Out last stops for the day were the Jahan Nama Garden and the neighbouring tomb of Hafez.
Khwāja Šamsu d-Dīn Muḥammad Hāfez-e Šīrāzī (1310-1390) grew up in Shiraz, and is one of Iran’s exalted poets. Many Iranians turn to the words of Hafez for help or inspiration, and his tomb is always surrounded by people. Something you quickly pick up in Iran is how revered poets are, Khayaam, Sa’adi and Ferdowsi to name a few.
Poetry, art and architecture are a prominent part of Iran, and considering I was being shown around by an architect, it seemed fitting we would end our day in the architecturally designed Taropood Cafe Gallery. Designed around a traditional fountain, the cafe is built of industrial concrete slabs and columns, with rusted metal machinery built in. A very popular place in the evening, and they also serve great espresso coffee.
So came the end of my day with Parisa and her family. Sitting on the bus to Yazd the next day I smiled to myself about the good in our world. Strangers can become friends at the snap of fingers, genuine generosity exists everywhere and most people in the world mean good and not harm.
Yazd is an altogether different place to Shiraz, smaller and far more conservative. It’s a very religious place; lots of men wearing shalwar kameez, many also wearing head scarves, and 95% of the women were in black chadors.

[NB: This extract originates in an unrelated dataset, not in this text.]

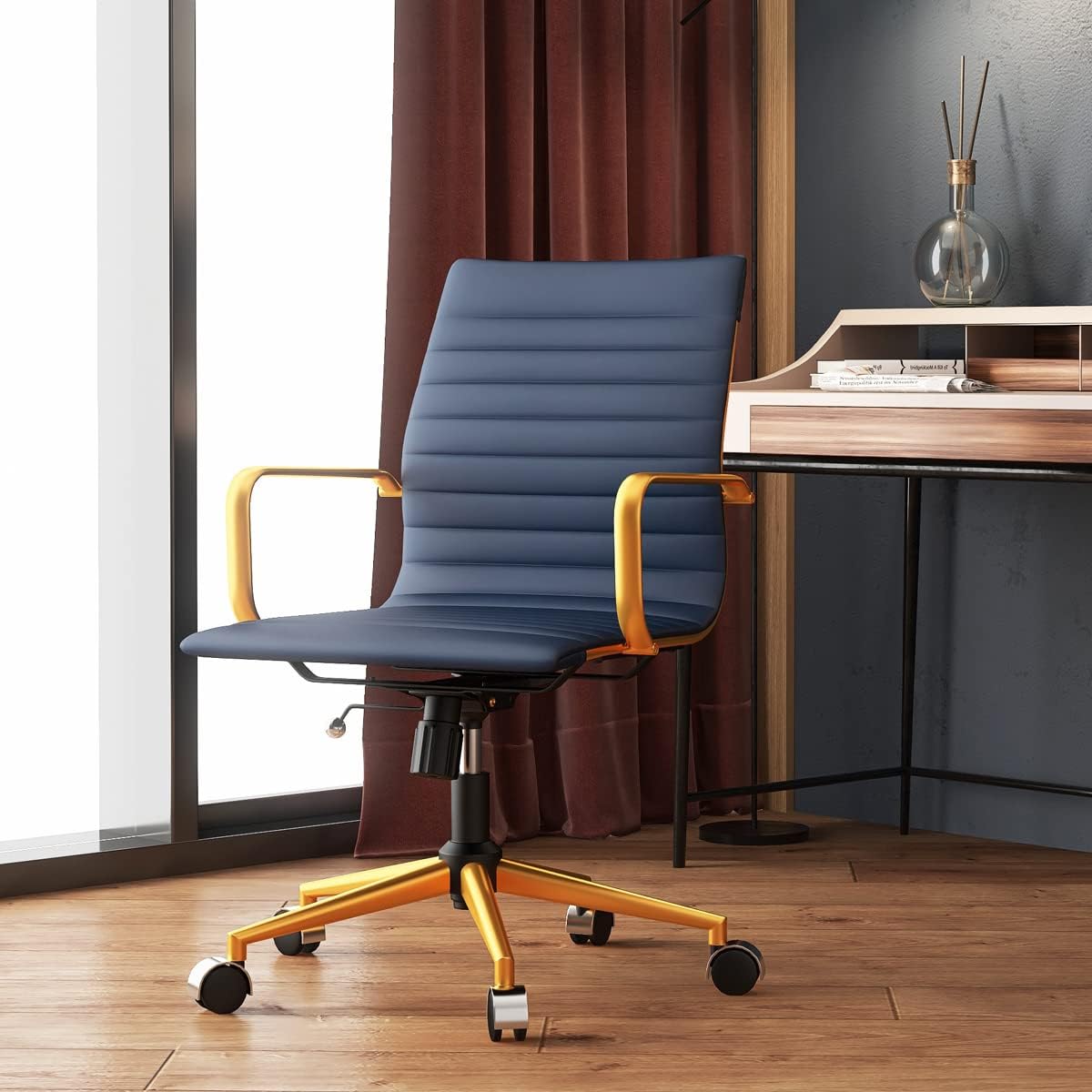 White Gold Swivel Desk Chair with Arms and Wheels N638618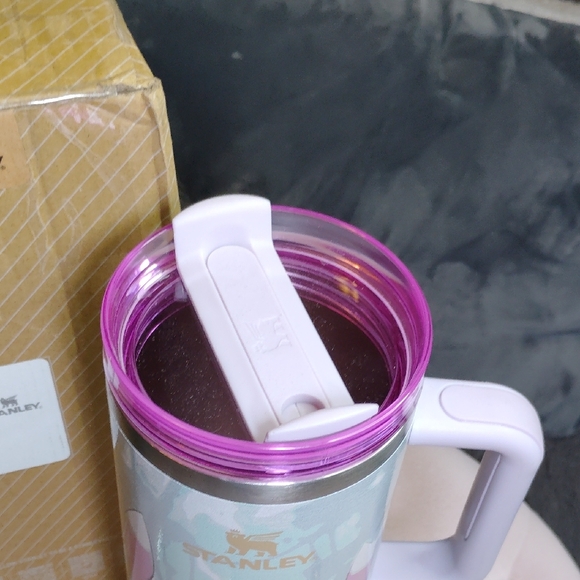 Stanley Purple and White Stitch Tumbler with Handle - Picture 3 of 5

Arriving on a Friday (holy day for Muslims), everything was closed, except for the Masjed-e Jameh. I’ve seen a lot of mosques in my time, and this one is up there amongst the most elaborately beautiful.
Built in the 12th century, it has two minarets reaching 48 metres (the highest in Iran), flying buttresses off the side and is covered in mainly blue, aqua and yellow tiles, but at night it’s lit up and glows blue. There’s also a qanat (water system) running underneath, Yazd having one of the largest qanat systems in the world, built by some of the most skilled qanat makers in Iran.
It sits on the outside of the old city, one of the oldest in the world according to UNESCO. Some of the mud brick buildings date right back to the year dot, but there are about 2000 Qajar era buildings as well, and plenty that are being restored today in the traditional way. I peered through a doorway of one that had been gutted and watched a builder watering a pile of straw and dirt to put on the wall.
Wandering the old city is almost eerie sometimes. There aren’t many people around, and the doors are almost always closed. Motorbikes come roaring around the corner every now and again, usually being ridden by young guys trying to show off. But then a beep of a horn, and it would always be an older much more cautious rider.
The badgirs (wind catchers) are very cool (pardon the pun). I remember seeing them in the old part of Dubai last year, genius the way they work. My basic non-scientific description: air is trapped in the tower, cools and then flows down into the house. There’s often a water fountain underneath to help cool the air further.
The old city has a few tourist stores and attractions (the 12 Imam mausoleum where none of them are buried, and Alexander’s Prison that probably wasn’t built by Alexander the Great, but people believe it was because Hafez the poet mentioned it in a poem). I didn’t go into the prison… I was told I missed out and that it was beautiful… I’m not sure that was the case.
Outside of the Old City, there are a few places to visit. But I will have to be honest and say Yazd was not my favourite place. But for what it does have to offer, it is definitely worth a night or two. Especially if that’s in one of the traditional hotels near the Masjed-e Jamah. I stayed in the Silk Road Hotel, and would recommend it; the food is good, the room’s are reasonably priced and very clean and the large courtyard was peaceful and green.
The kind generosity I’d experienced in Shiraz was missing in Yazd. That’s not to say Yazdis aren’t kind and generous, but I was there in different circumstances.